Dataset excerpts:
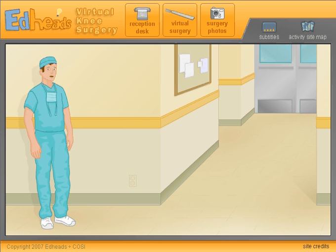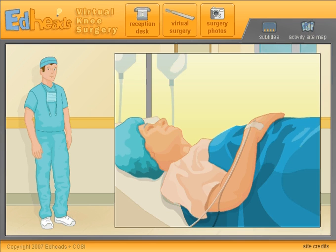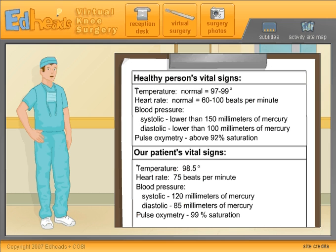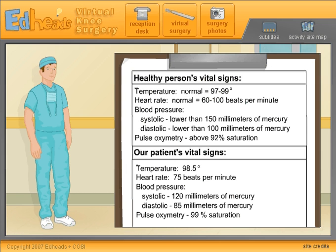Today, our patient is a 76-year-old man. It is mandatory to check the patient's vital signs before beginning surgery. An anesthesiologist in the operating room performs this step.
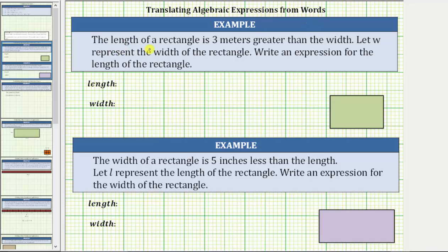In the first example, the length of a rectangle is three meters greater than the width. Let w represent the width of the rectangle, and write an expression for the length. We are told to use the variable w to represent the width, and because the length is three meters greater than the width, we need to add three to w. The expression for the length is w plus three.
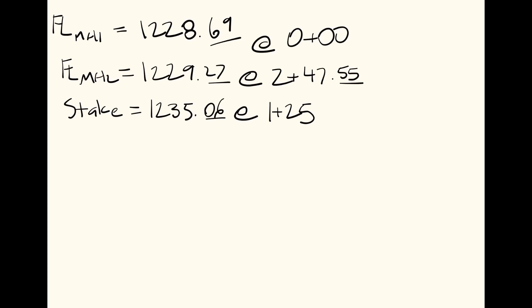So then using slopes, we have delta equals rise over run, which is your y over your x difference, which comes out to 1229.27 minus 1228.69,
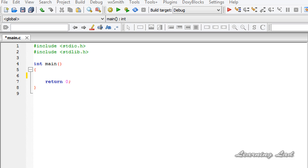What's up guys, Anil here from Learning That Education, with a tutorial on how to write a C program to calculate the factorial of a number.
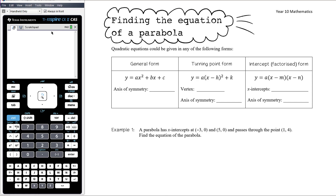The equation might be completely expanded out in general form, which tells us very little about the graph. We can tell whether it's happy or sad based on the a value, the axis of symmetry is at negative b on 2a, and the y-intercept is at (0, c). In turning point form, the vertex or turning point has coordinates (h, k), and the axis of symmetry has equation x equals h.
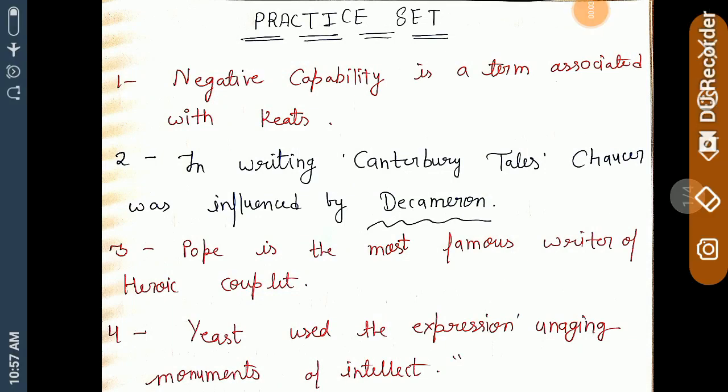Hello friends, welcome. Today in this practice set we are going to discuss only 15 very important points in English literature. Here we are discussing only answers and you can make questions by yourself.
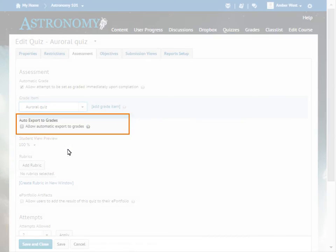Auto Export to Grades prompts the system to send auto-graded attempt scores directly to the grade book if a quiz is associated with a grade item. Use this option if you are using question types that the system can grade, such as true or false or multi-select questions.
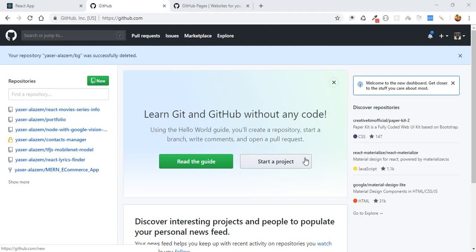Now we can deploy our application so we can see it online on the internet. Since our application doesn't have any backend or database, we can deploy it and use GitHub Pages to host our application for free. GitHub also gives you a free SSL certificate, so it's perfect, easy, and simple. Of course, you can also deploy on any other hosting service.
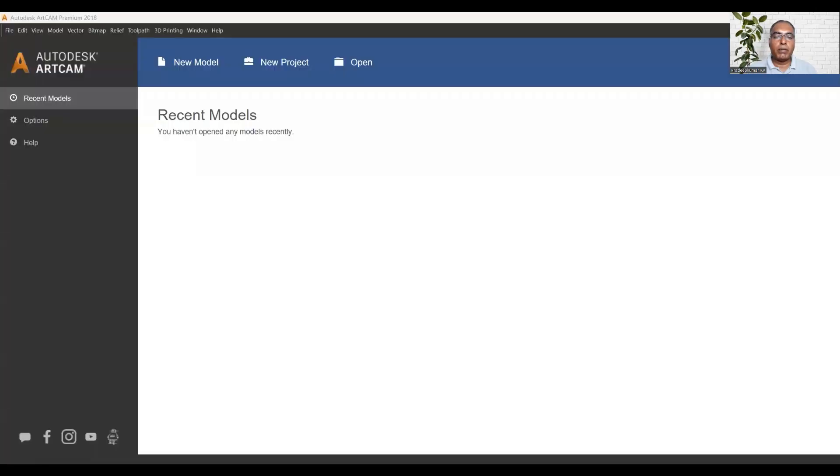In the first class, we can double-click the ArtCAM software icon. When you double-click, it will open the software. We will open the start menu, and at that time we will open the screen.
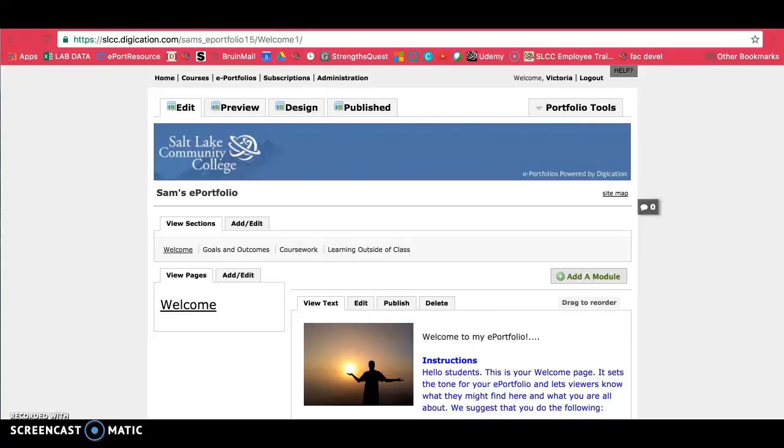I'm only going to be covering the ones that you might touch on. So for the ones that are irrelevant, I'm not going to cover those. So let's start on the left side of the page.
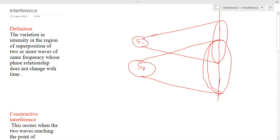If you consider this region, you can see that light rays coming from S1 and the light rays coming from S2 are meeting. If I switch on only S1, this part's intensity will be different. If I switch on only S2, this part's intensity will be different. The question is: if I switch on these two sources simultaneously, what will happen to this part? The answer comes from the definition.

## YOUR INSTRUCTIONS
Reproduce exactly, with no pictures, the lines above from the one holding "Now we can deploy" to the one holding "In the first class, we", inclusive.

## WRITTEN REPLY
Now we can deploy our application so we can see it online on the internet. Since our application doesn't have any backend or database, we can deploy it and use GitHub Pages to host our application for free. GitHub also gives you a free SSL certificate, so it's perfect, easy, and simple. Of course, you can also deploy on any other hosting service.
In the first class, we can double-click the ArtCAM software icon. When you double-click, it will open the software. We will open the start menu, and at that time we will open the screen.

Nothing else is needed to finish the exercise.